Hello, I'm the fortunate owner of Cythera (hull 992M). She was born Alden green, however the previous owner had her topsides refinished using a custom Awlgrip Deep Turquoise (H5332). I'm obviously partial, but I can assure you she catches everyone's eye where ever we sail. Good luck!

Capt Barry


----------



## sharedwatch (Aug 9, 2008)

Great Looking Boat Barry.

I have painted her a bit more boring white but it came out very nice. I'll post some pics after I pull them off the camera.

JZ


----------



## bljones (Oct 13, 2008)

"There are only two colors to paint a boat, black or white, and only a fool would paint a boat black." -Nathanael G. Herreshoff

Great designer, lousy eye for colour, IMO.

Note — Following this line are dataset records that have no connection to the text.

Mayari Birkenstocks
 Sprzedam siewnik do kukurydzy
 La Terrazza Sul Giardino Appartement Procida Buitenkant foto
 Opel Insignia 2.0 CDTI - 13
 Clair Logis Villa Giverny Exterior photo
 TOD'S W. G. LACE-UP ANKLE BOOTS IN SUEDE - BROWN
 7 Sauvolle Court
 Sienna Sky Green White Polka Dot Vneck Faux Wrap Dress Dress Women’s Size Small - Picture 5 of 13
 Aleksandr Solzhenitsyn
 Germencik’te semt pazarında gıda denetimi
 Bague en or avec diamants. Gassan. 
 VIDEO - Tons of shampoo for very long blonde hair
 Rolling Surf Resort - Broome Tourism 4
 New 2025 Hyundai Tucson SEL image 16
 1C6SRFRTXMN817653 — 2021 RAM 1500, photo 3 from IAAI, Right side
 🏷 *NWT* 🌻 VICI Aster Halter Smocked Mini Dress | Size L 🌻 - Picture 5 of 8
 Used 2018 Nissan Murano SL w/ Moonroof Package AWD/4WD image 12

Blue and gold makes even cheap boats look good. And it makes old teak look great.


----------



## DNile (Jan 31, 2010)

*my new "yacht"...*

this is my new 1987 Com-Pac 19/2, awlgrip deck and topsides...
bottom is black, topside color is jade mist green and top deck is oyster white.
i'll post the pics in the next post...


----------



## DNile (Jan 31, 2010)

*my new "yacht"...the pictures*


----------



## SecondWindNC (Dec 29, 2008)

DNile you may be running into the restriction on posting pictures until you have 5 posts. But you're almost there!


----------



## DNile (Jan 31, 2010)

oh...
actually it said it was a minimum of 2 posts!
not sure what happened!
i'm gonna try again...

edit..
when i upload the pix, they show up, but then they seem to get lost!


----------



## DNile (Jan 31, 2010)

alrught,
i think i worked it out, so here are my pictures...


----------



## Sailphast scituate (Mar 8, 2013)

Maine sail,
What all grip color did you use? Trying to do that stars and strip blue but can not decide on which shade is the closest?


----------



## Maine Sail (Jan 6, 2003)

Sailphast scituate said:


> Maine sail,
> What all grip color did you use? Trying to do that stars and strip blue but can not decide on which shade is the closest?


The color is called "Stars & Stripes Blue" it is an Awlgrip custom color you won't likely find on the color chart. Alexseal shows it on theirs but Awlgrip does not, unless they recently added it.


----------